## Records to use
* * *
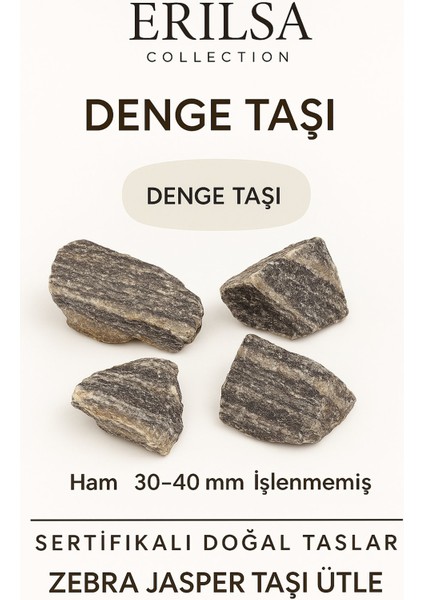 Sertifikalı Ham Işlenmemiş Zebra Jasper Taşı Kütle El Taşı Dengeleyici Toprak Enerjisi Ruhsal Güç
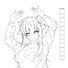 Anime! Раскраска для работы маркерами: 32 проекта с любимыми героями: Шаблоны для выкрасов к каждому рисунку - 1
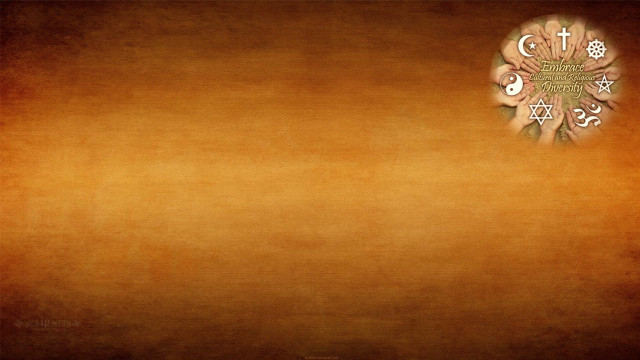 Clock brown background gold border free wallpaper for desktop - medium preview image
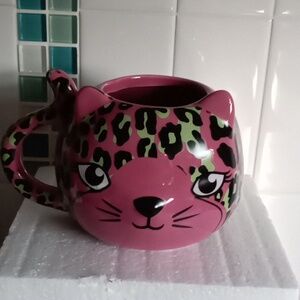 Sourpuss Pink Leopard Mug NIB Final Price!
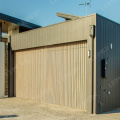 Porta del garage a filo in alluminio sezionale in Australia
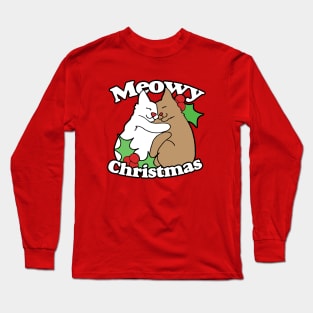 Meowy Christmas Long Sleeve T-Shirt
* * *
## To do
Could you repeat all of the material exactly? Pictures should not be copied.

## Answer to this task
 Sertifikalı Ham Işlenmemiş Zebra Jasper Taşı Kütle El Taşı Dengeleyici Toprak Enerjisi Ruhsal Güç
 Anime! Раскраска для работы маркерами: 32 проекта с любимыми героями: Шаблоны для выкрасов к каждому рисунку - 1
 Clock brown background gold border free wallpaper for desktop - medium preview image
 Sourpuss Pink Leopard Mug NIB Final Price!
 Porta del garage a filo in alluminio sezionale in Australia
 Meowy Christmas Long Sleeve T-Shirt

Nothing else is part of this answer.